Currently there are over 9,000 South Korean companies operating in Vietnam, employing over 200,000 South Koreans and over one million Vietnamese labourers.

The American Chamber of Commerce in Hanoi (AmCham), also said the ongoing coronavirus outbreak is causing anxiety and uncertainty for both people and businesses in Vietnam. AmCham members are primarily concerned with ensuring the safety of employees, supply chain disruptions, and coping with the sharp drop in consumer and customer demand. “Our members express their support and appreciation for the government’s efforts to keep people safe and healthy during this crisis.

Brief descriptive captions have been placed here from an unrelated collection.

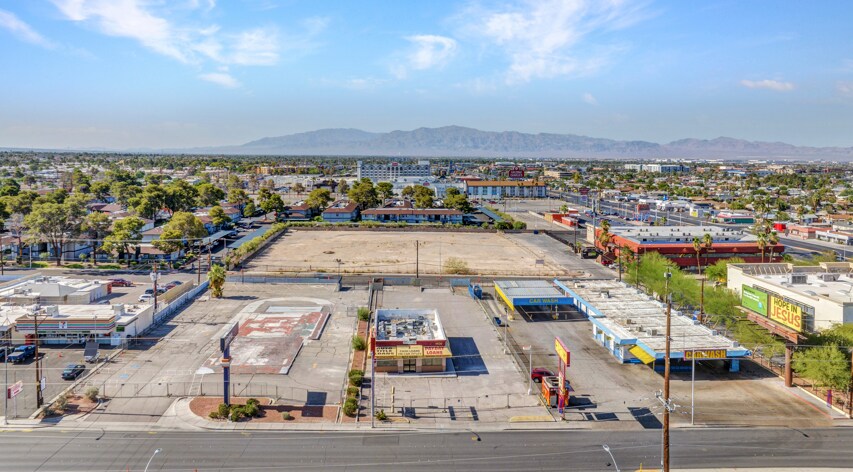 More Photos Of 4830-4840 W Charleston Blvd., Las Vegas Land For Lease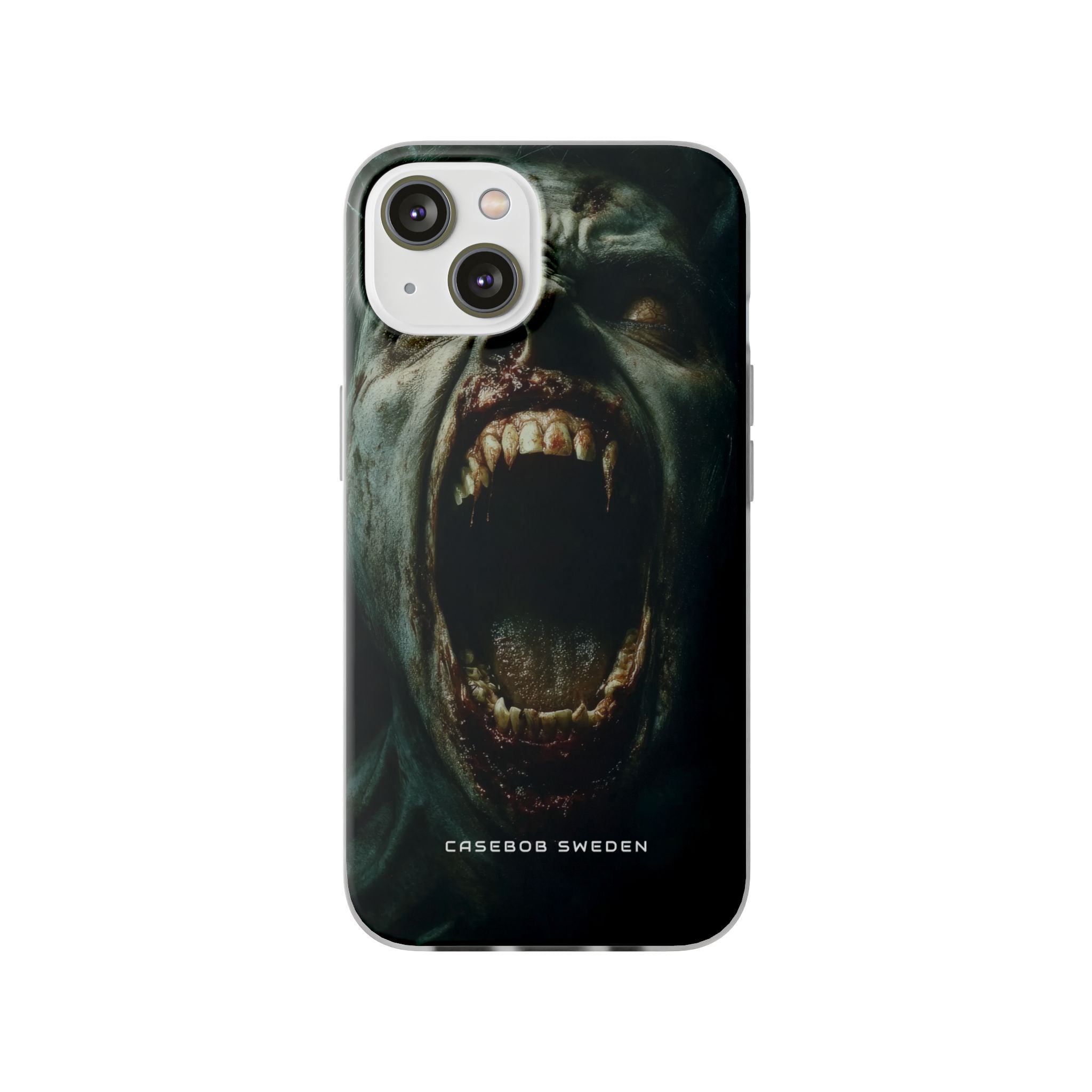 Gothic Wail of Decay iPhone 14 - Flexi Phone Case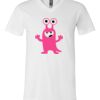 Men's Short Sleeve V-Neck T-Shirt Thumbnail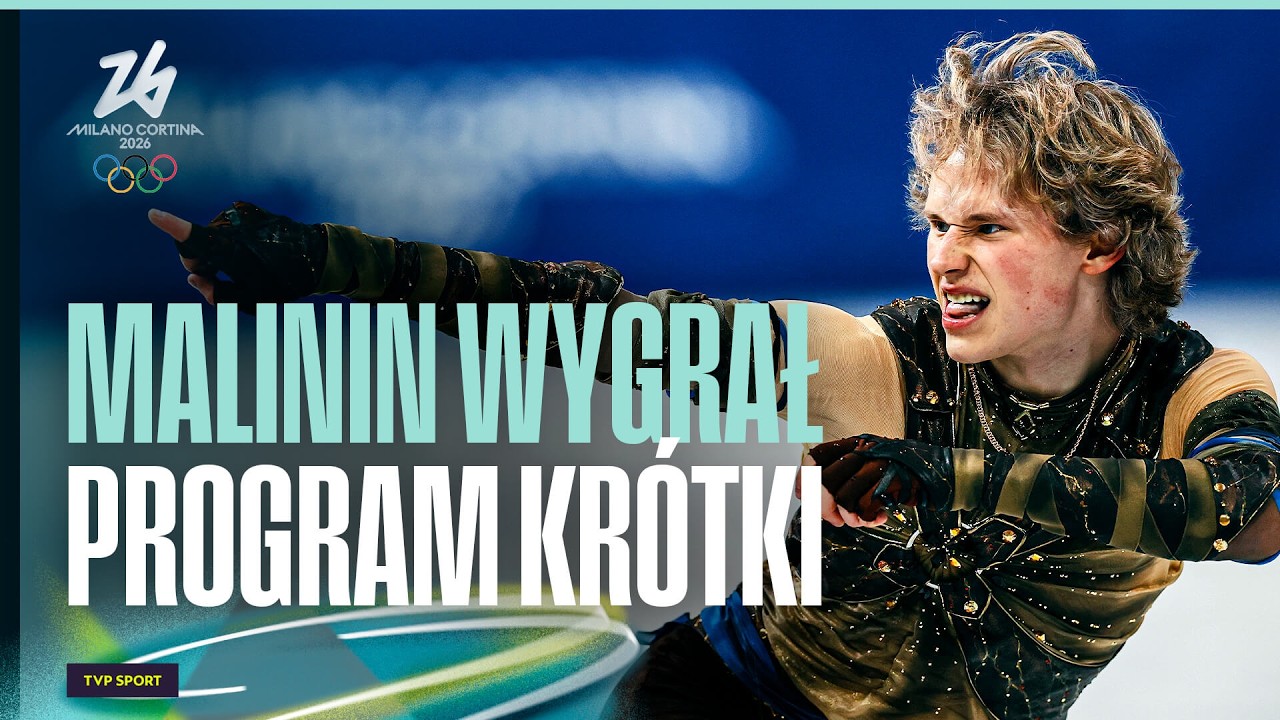 ILIA MALININ ZNOWU TO ZROBIŁ. PROWADZI PO PROGRAMIE KRÓTKIM | IGRZYSKA OLIMPIJSKIE 2026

Almost all members said that the government is doing an effective job responding to the crisis,” said AmCham’s executive director Adam Sitkoff.

Nguyen Anh Mau, an employee from Hanoi Knitting JSC in Hanoi which employs nearly 1,000 workers, told VIR that he has become unemployed for two months due to the pandemic, meaning his family of four will face more difficulties. “Our company has cut production by half, and along with it, workers’ salary,” he said. “Many workers have had to take unpaid leaves or were even dismissed. We need support from the government, so that our life can be stable again.”

Earlier, on March 26, the MoF submitted to the government a draft decree on extending the payment of taxes and land rental for pandemic-hit enterprises and organisations. The total value of the policy amounts to VND80.2 trillion ($3.49 billion), as opposed to the VND30 trillion ($1.4 billion) in the previous draft due to an increase in the categories of those in need of assistance.

Under the draft decree, Vietnam will push back the tax payment deadline for more sectors and add more tax categories. Payments of personal income tax and land use fees will be deferred. Over 20 sectors will benefit from the scheme, such as agriculture, car manufacturing, food services, seafood, tourism, transport, and textiles.

The sectors have all reported massive losses due to the coronavirus outbreak, which is expected to cost the tourism industry VND161 trillion ($7 billion) and the textile industry VND11 trillion ($478 million).

Last week, the Ministry of Planning and Investment (MPI) proposed new measures worth VND61.58 trillion ($2.68 billion) in order to support unprivileged people. The measures include VND35.88 trillion ($1.56 billion) from the state budget, and VND25.7 trillion ($1.11 billion) from Vietnam Bank for Social Policies (VBSP).

Specifically, the MPI suggested VND500,000 ($21) per month for people with meritorious services, in addition to the regular allowance they are entitled to. Accordingly, during April and June, these people could receive that sum, while social protection beneficiaries would get VND1 million ($43.50) a month.

The allowance was suggested at VND1.8 million ($78) per month for contract employees, part-time workers, and those on unpaid leave or with reduced income as a result of the COVID-19 pandemic’s impacts on the country.

If accepted, the government could launch the measures as proposed by the MPI, in which the cash would come from the state budget.

Additionally, businesses could borrow some money at a zero lending rate from VBSP to ensure they have enough funds to pay their affected employees. The maximum amount would not surpass 50 per cent of the regional minimum wage per employee per month to pay for staff members, who have to cease work for three months. The period of the loans is within 12 months, and businesses would have to mobilise their resources to fill the remaining 50 per cent of payment for employees.

Meanwhile, the government is being asked to give VND1 million ($43.50) between now and June to workers who have been fired and are without eligible unemployment benefits, as well as those who have no labour contract and have been left out.